ITパスポート試験 過去問解説

サービスデスクとは?ITパスポート試験 2016年 (平成28年 春期) 問38を解説

ITパスポート試験 2016年 (平成28年 春期) 問38は、サービスデスクに関する理解を問う問題です。検索から入っても、問題文、選択肢、正解、解説、各選択肢がなぜ違うかをこのページだけで確認できます。

問題文

システムの利用者からの問合せを電話で受け付けるサービスデスクのサービスレベルを評価するための項目の例として,適切なものはどれか。

この問題の出題ポイント

  • サービスデスクの定義だけでなく、問題文中の条件がどの選択肢に当てはまるかを確認する。
  • マネジメント系分野では、用語の目的・主体・責任範囲の違いが選択肢で問われやすい。
  • 関連タグ: サービスマネジメント、サービスデスク、SLA。

選択肢

  1. サービスのコスト
  2. システム障害の件数
  3. システムの可用性
  4. 問合せの応答待ち時間正解

正解

: 問合せの応答待ち時間

解説

サービスデスクは,利用者からの問合せやインシデントを一元的に受け付ける窓口であり,そのサービスレベルは利用者から見た応答品質によって評価される. 電話で問合せを受け付ける場合,代表的なKPIには平均応答待ち時間,一次解決率,放棄呼率,顧客満足度などがある. サービスのコストは経営側の管理指標,システム障害件数はインシデント管理や信頼性指標,システム可用性は可用性管理のKPIに該当し,いずれもサービスデスクが利用者にどれだけ迅速に応答できているかを直接示す指標ではない. 利用者視点で測れる指標としては問合せ応答時間が中心となる.

なぜ他の選択肢が違うのか

  • 誤り. サービスのコストはサービスデスクの運営費や1件当たり処理コストとして経営や予算管理で重要だが,利用者から見た応答品質を直接示す指標ではない. SLAでサービスデスクのサービスレベルを評価する際は応答品質に直結する指標を優先するため,本選択肢は本問の例として適切ではない.

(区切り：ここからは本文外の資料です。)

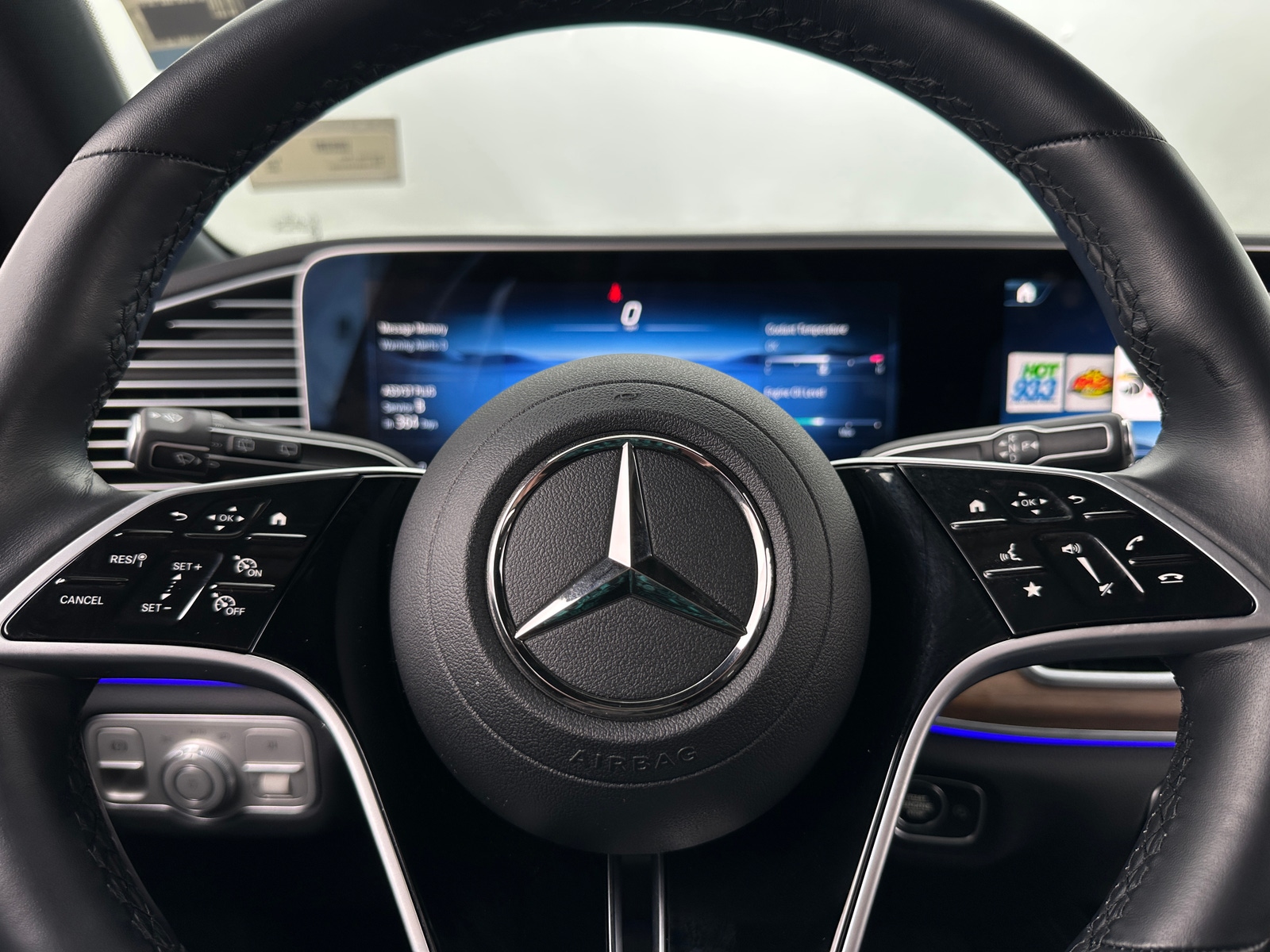 Thumbnail: 2025 Mercedes-Benz GLE - 4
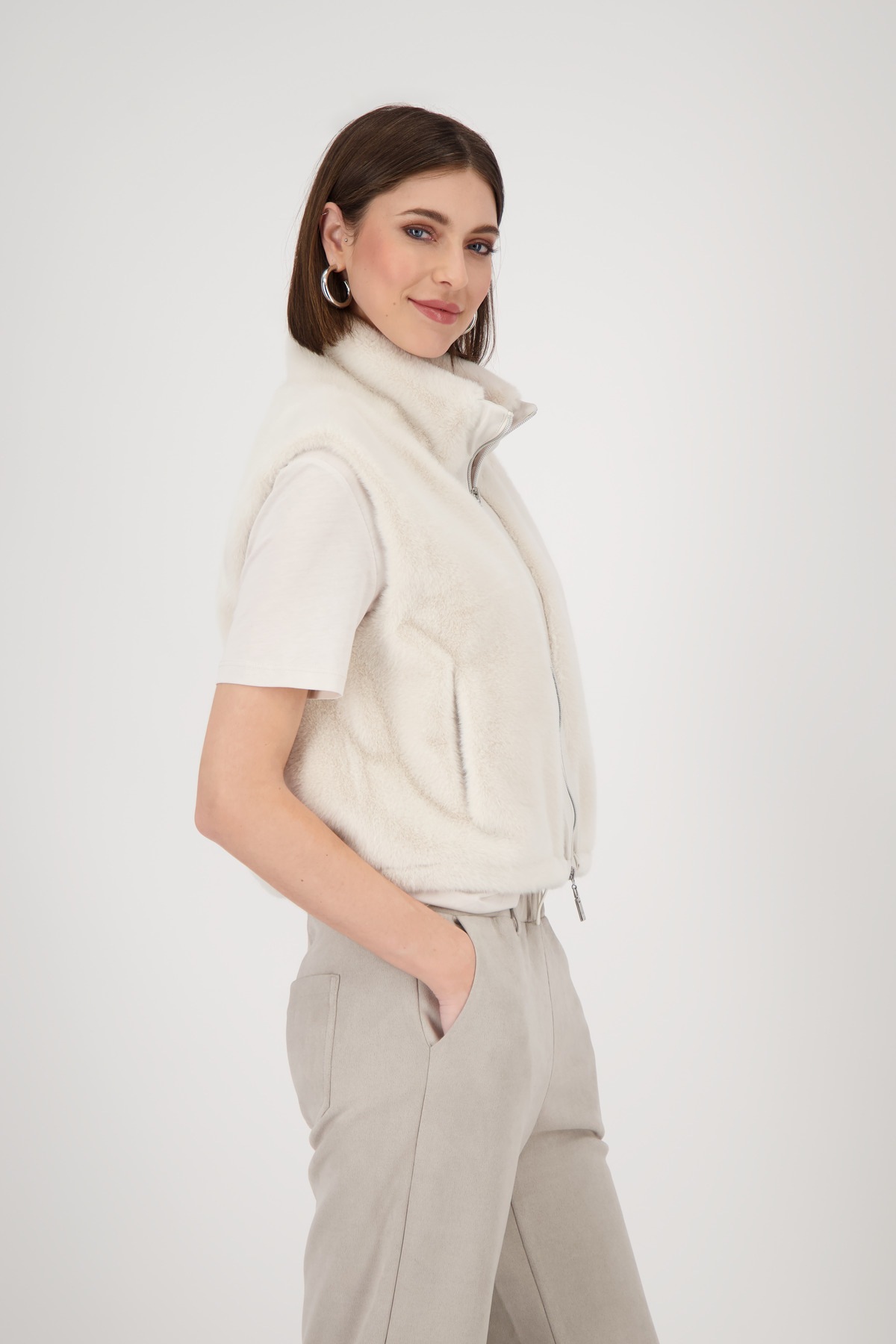 Monari Fellimitatweste "Weste fake fur", Mit Rundhalsausschnitt günstig online kaufen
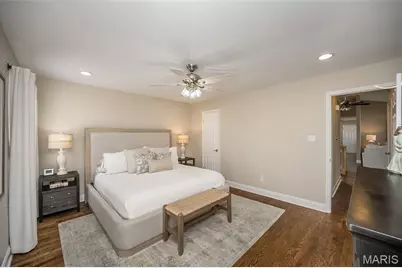 15644 Hedgeford Court, Chesterfield, MO 63017 - Photo 10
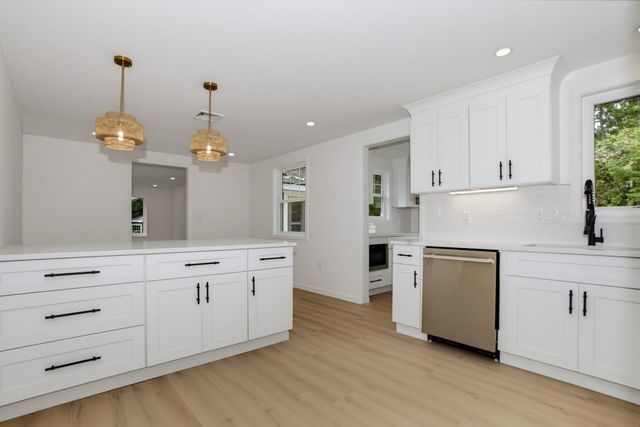 33 Cheryl Ln, Holliston, MA 01746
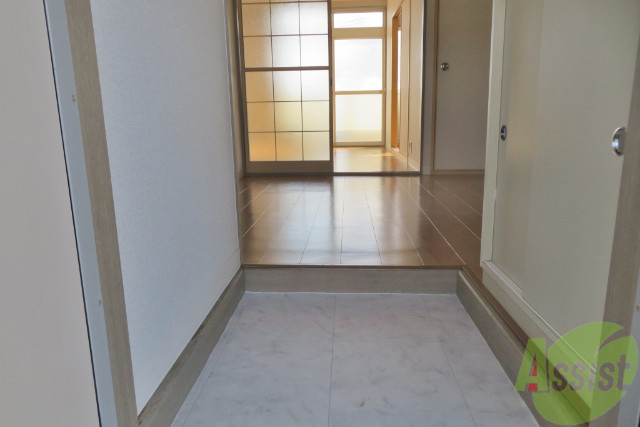 玄関　玄関からは部屋が１直線です。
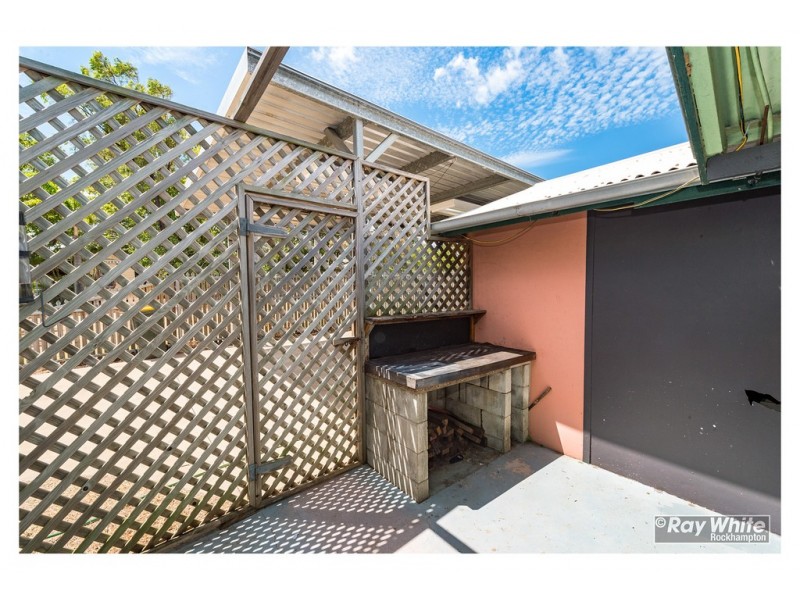 938 Yaamba Road, Parkhurst QLD 4702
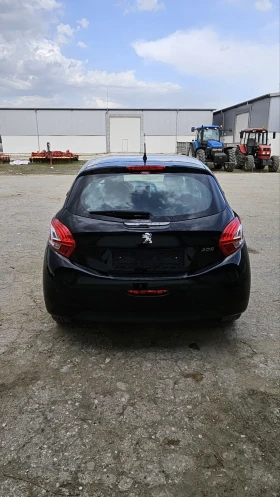 Peugeot 208 1.2-82кс., снимка 7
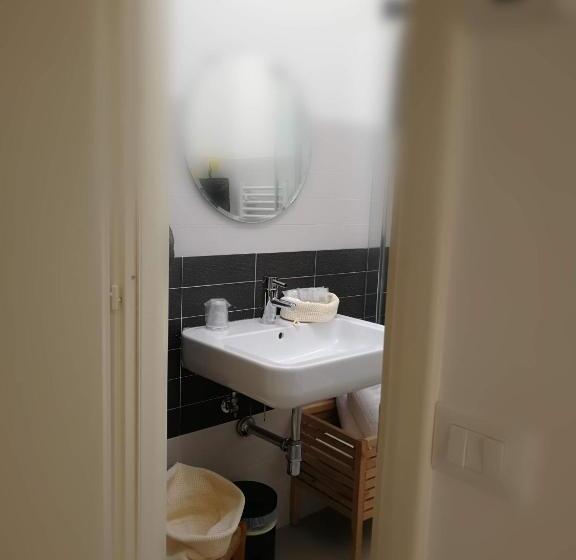 标准间, Paneolio B&b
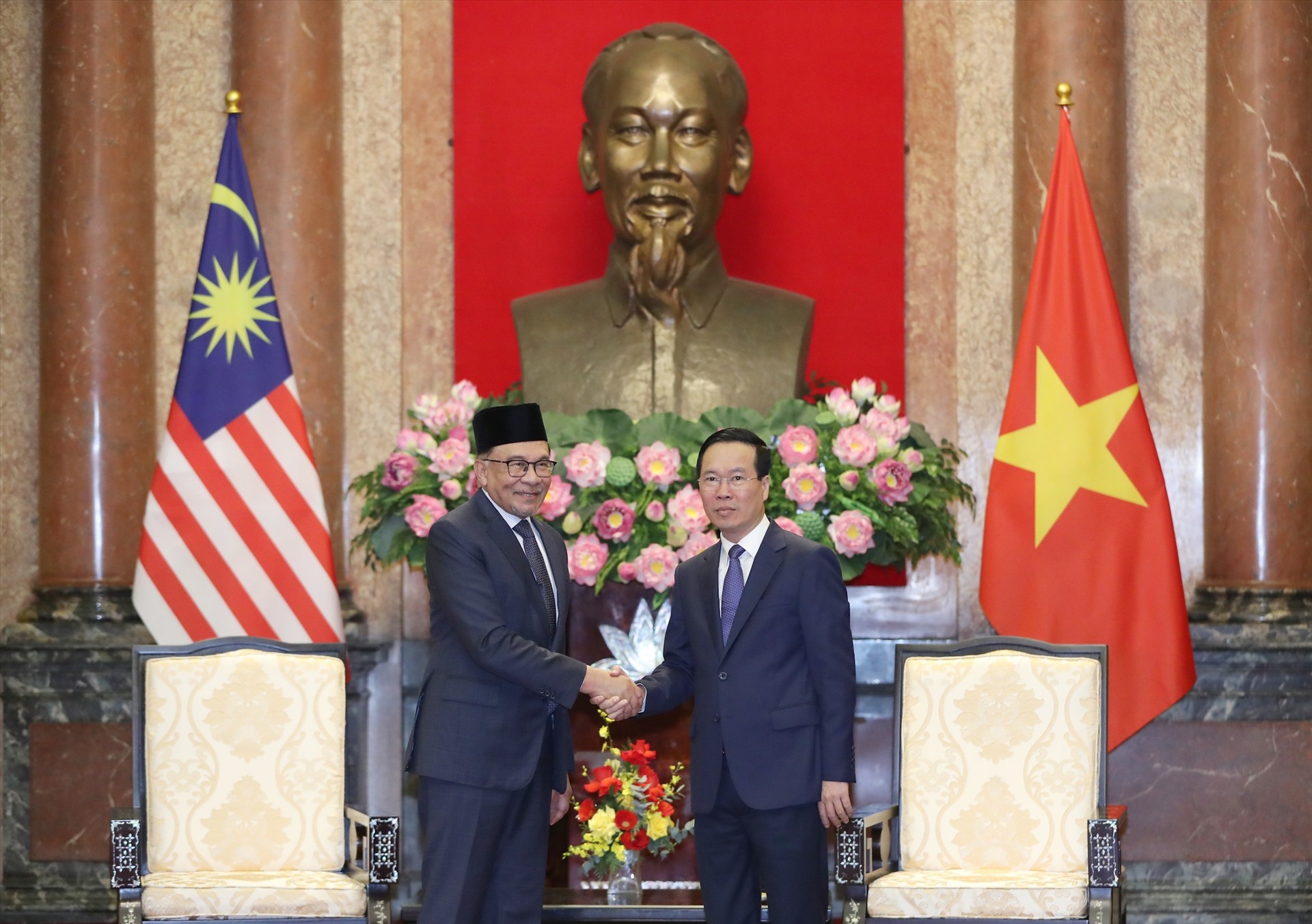 Thủ tướng Malaysia Anwar Ibrahim đang ở thăm chính thức Việt Nam theo lời mời của Thủ tướng Chính phủ Phạm Minh Chính. Ảnh: Hải Nguyễn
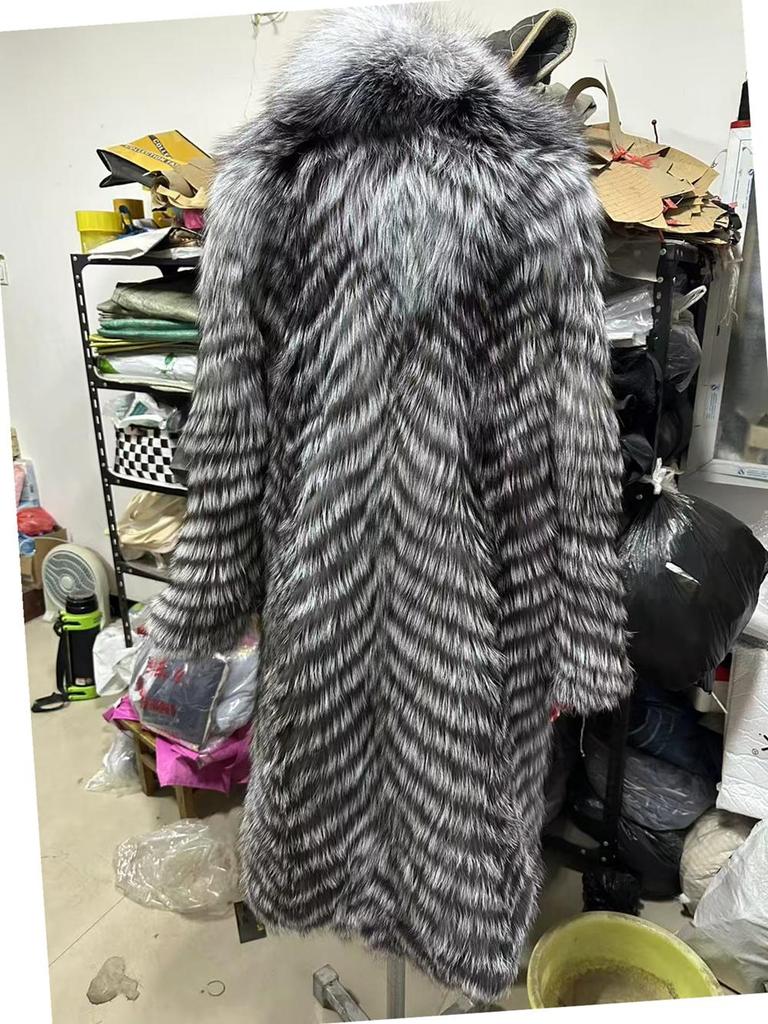 Silver Fox Real Fur Coat Winter New Style Large Fur Collar Length 100cm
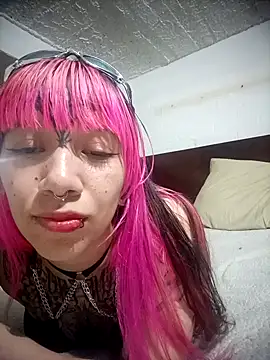 Snapshot of Meganhynde chatting on 09-20-25, 11:28 Meganhynde online show from 09-20-25, 11:28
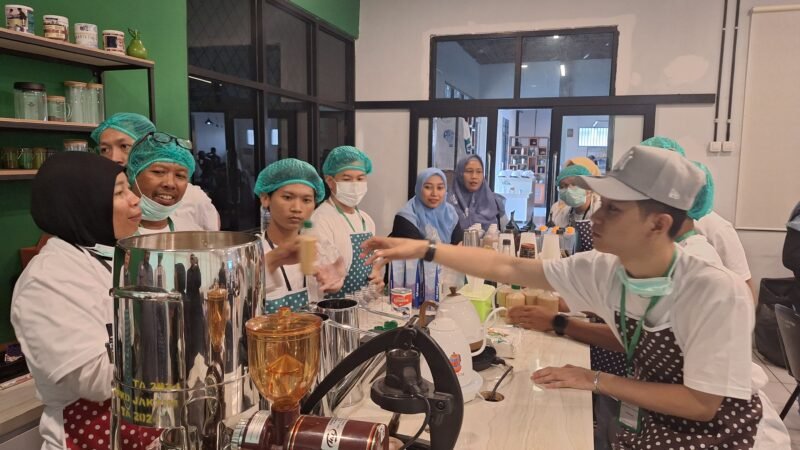 POTRET: dari klien pemasyarakatan ke peracik kopi: pelatihan barista jemput peluang wirausaha bagi klien Bapas Jakbar. (Foto: Istimewa)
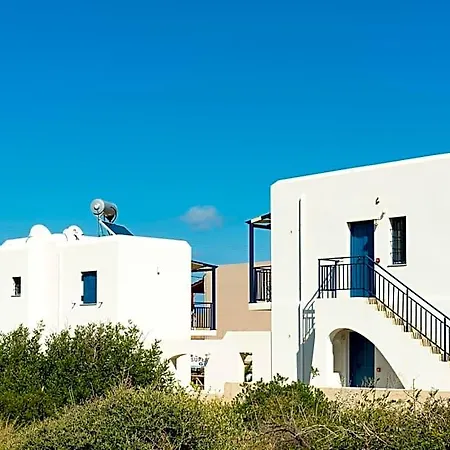 Okirroi And Apts فندق 3*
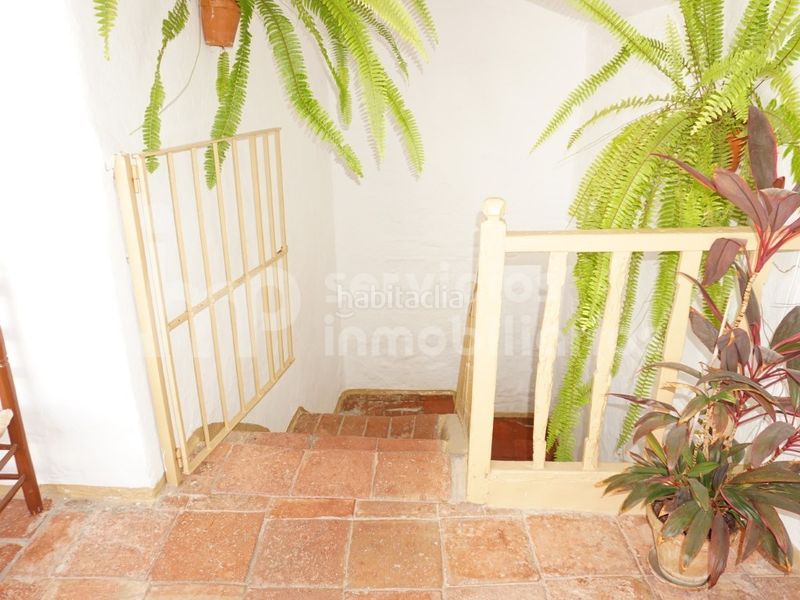 Foto e0e35a01-0d23-48bf-b501-94de80e00097. Casa adossada a Benamocarra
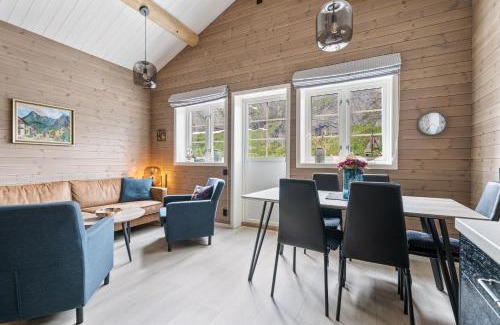 Moskenes House | Family-Friendly Retreat at Reine Rorbu, Amaliebua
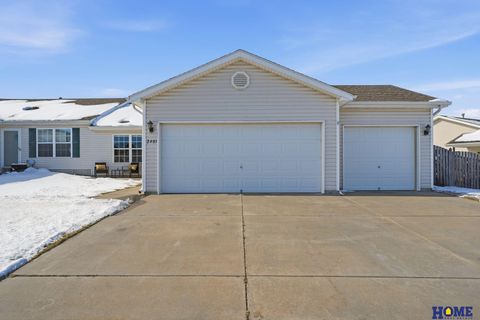 Photo of 2401 NW 47th Street, Lincoln, NE 68528 (MLS # 22604952)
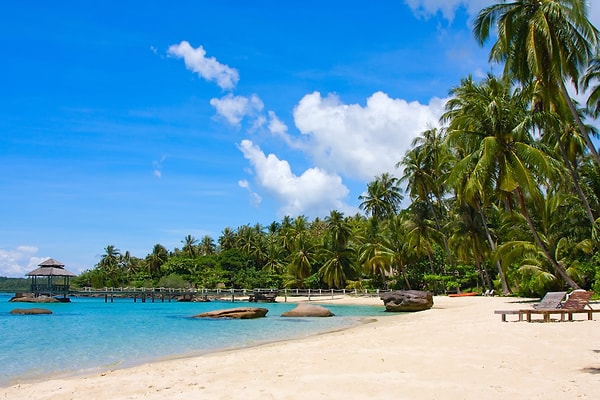 7. Выберите головной убор:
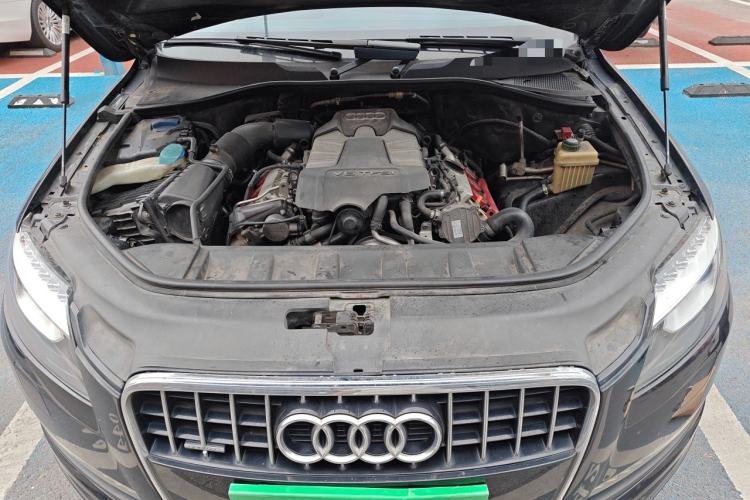 Used Audi Q7 2012 3.0 TFSI Comfort Model (200kW) Engine Bay
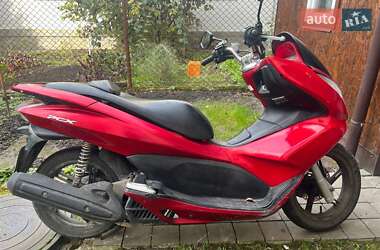 Макси-скутер Honda PCX 125 2010 в Львове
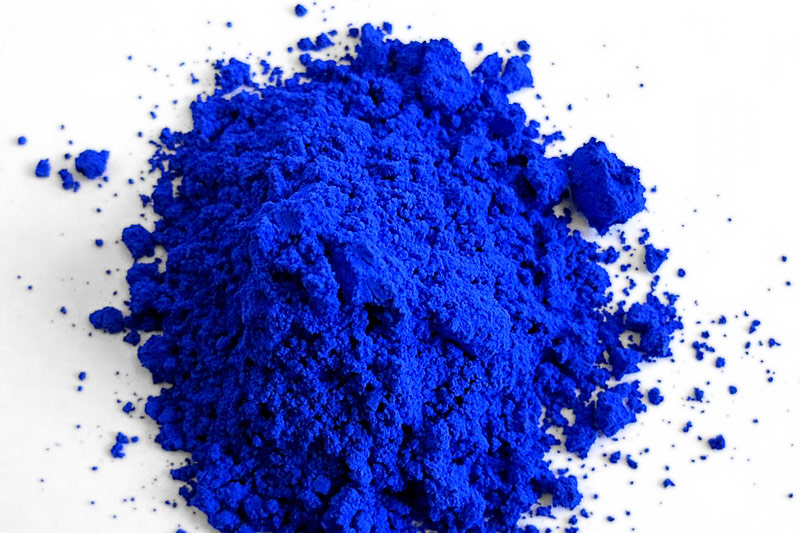 © Mas Subramanian unter cc by sa Pigment von YInMn blue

  • 誤り. システム障害の件数は,インシデント管理や信頼性管理の指標として有用だが,利用者からの問合せに対するサービスデスクの応答品質を直接示すものではない. 問合せ窓口としてのサービスレベル評価項目としては,応答時間や一次解決率などの方が適切である.

  • 誤り. システムの可用性は,サービスが利用可能な時間の割合を示すITサービスの稼働指標であり,可用性管理のKPIである. サービスデスクが利用者の問合せにどれだけ迅速に対応しているかを示す応答品質指標ではないため,本問のサービスデスクのSLA項目としては適切ではない.

  • エ(正解)

    正しい. 問合せの応答待ち時間は,利用者が電話をかけてからオペレータが応答するまでの時間や,問合せに対する初動対応までの時間を示し,サービスデスクのサービスレベルを直接的に評価する代表的な項目である. 利用者の体感品質に直結するため,本問のSLA評価項目の例として最も適切となる.

解き方の整理

サービスデスクの問題では、選択肢のキーワードだけで判断せず、問題文が示す条件と正解選択肢の説明が一致しているかを見ます。誤答選択肢は、似た用語を混ぜる、主体を入れ替える、目的や範囲を広げすぎる、という形で作られることが多いため、選択肢別解説まで確認しておくと復習効率が上がります。